Concevoir depuis les décisions plutôt que depuis les données fait surgir un problème que l'ancienne approche masquait : une bonne métrique ne se contente pas de mesurer, elle oriente. Et dès qu'elle oriente, elle devient une cible — donc elle se dégrade.

C'est la loi de Goodhart : quand une mesure devient un objectif, elle cesse d'être une bonne mesure. Ce n'est pas un accident, c'est une propriété. Dès qu'un indicateur devient le point de focalisation unique, les équipes trouvent des moyens de l'optimiser — souvent au détriment de la qualité, de l'éthique ou du long terme.

La réponse que j'ai construite ne consiste pas à trouver la métrique parfaite, mais à ne jamais en laisser une seule décider.

Le moteur

La métrique primaire, celle qui propulse la performance de l'organisation. Elle donne la puissance et rend l'action mesurable.

La boussole

La métrique de garde, celle qui maintient le cap sur l'objectif réel de l'activité et empêche de courir après des signaux trompeurs.

Un moteur seul avance sans direction ; une boussole seule indique sans avancer. Ce qui produit la justesse n'est ni l'un ni l'autre, mais la tension entretenue entre les deux. C'est ce couple qui structure les cartes de métriques, et à travers elles, tout le système.

05 — Ce que ça a produit

Un outil que les équipes s'approprient, et qui grandit avec elles

La refonte s'est traduite par une architecture d'information qui suit les décisions plutôt que les tables de données : cinq pages centrales communes à tous, et trois pages adaptées aux besoins propres de chaque business unit.

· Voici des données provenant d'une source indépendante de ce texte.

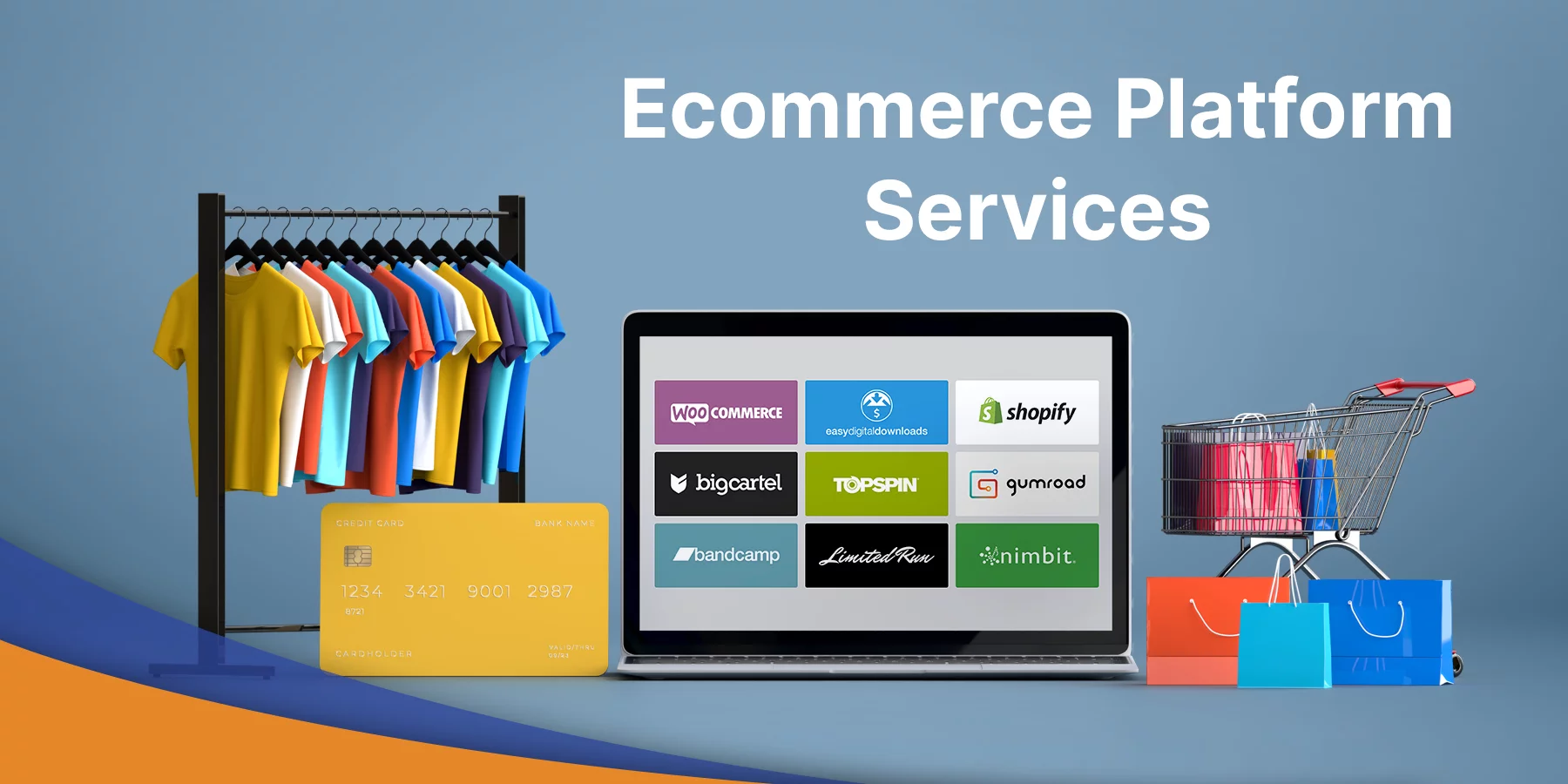 E-commerce Product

Une hiérarchie de l'information lisible, un filtrage puissant, et la fin des tableaux encombrés au profit d'une vue d'ensemble immédiate.

Côté produit, une V1 conçue pour se répliquer : la structure s'adapte à chaque business unit sans être reconstruite, les fonctionnalités sont priorisées selon les besoins réels, et la structure de données a été reprise pour rester utilisable dans la durée.

~100%
d'adoption par les équipes commerciales
30 min → instantané
de temps de chargement, pour un accès aux données en temps réel

Au-delà des chiffres, le changement le plus notable est ailleurs : les équipes ont cessé de subir l'outil. Les goulots d'étranglement opérationnels ont disparu, les coûts liés au traitement des données ont baissé, et la qualité de la donnée s'est améliorée d'elle-même — parce que chacun savait enfin à quoi elle servait.

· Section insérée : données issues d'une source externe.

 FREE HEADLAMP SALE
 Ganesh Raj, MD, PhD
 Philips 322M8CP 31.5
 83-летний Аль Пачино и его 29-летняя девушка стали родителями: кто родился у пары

06 — Ce que ce projet a ancré dans ma pratique
Sur l'outil
L'outil n'est jamais la finalité. Il est le vaisseau de la décision —
et une donnée qui n'interroge rien n'est qu'un passager de plus.

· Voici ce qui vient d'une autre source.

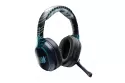 LEXIP - AURICULARES KAKASHI DESIGN BY TSUME - NARUTO SHIPPUDEN (PC/MAC/PS5/PS4/Xbox Series/ Xbox One/ Switch/ iOS/ tabletas)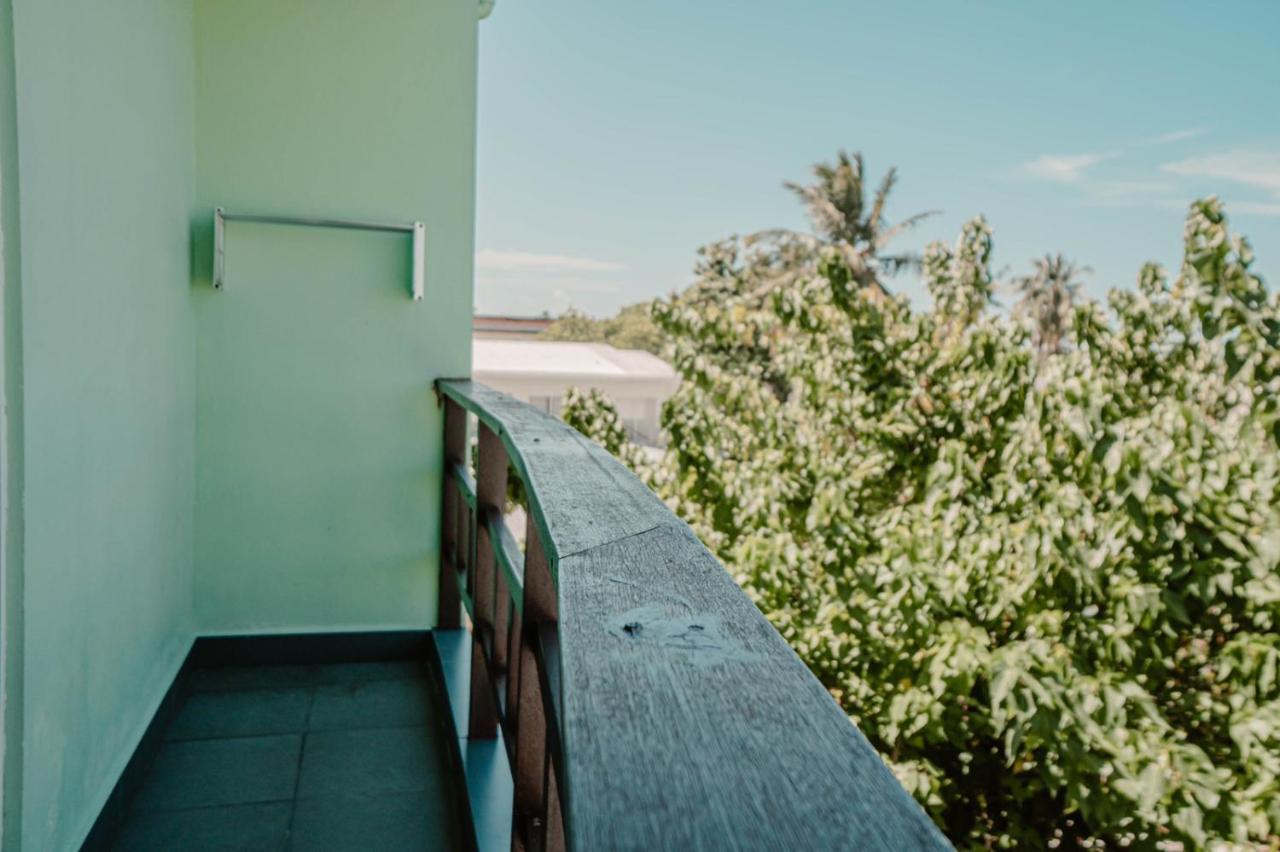 Oceana Boutique Hotel Maafushi Eksteriør billede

On m'avait demandé de mieux afficher des chiffres. Le travail a consisté à comprendre ce que cette organisation cherchait à savoir — et à découvrir qu'elle ne se l'était jamais demandé, parce que l'outil avait pris la place de la question. Un tableau de bord ne vaut pas par ce qu'il montre, mais par les décisions qu'il rend possibles.

Sur la nécessité de l'information
Rien ne mérite d'exister par défaut. Toute donnée, toute information qui n'éclaire aucune décision
doit être questionnée.

Depuis ce projet, je pose la même question à chaque information que je fais figurer quelque part : qu'est-ce qu'elle permet de trancher qui ne l'était pas sans elle ? Celle qui ne sait pas répondre n'est pas neutre — elle occupe de la place, détourne l'attention, et laisse croire qu'on sait quelque chose. Cette exigence, je l'applique aujourd'hui à chaque écran, chaque fonctionnalité, chaque étape d'un parcours. C'est devenu ma constante, quel que soit le terrain — seuls les moyens changent.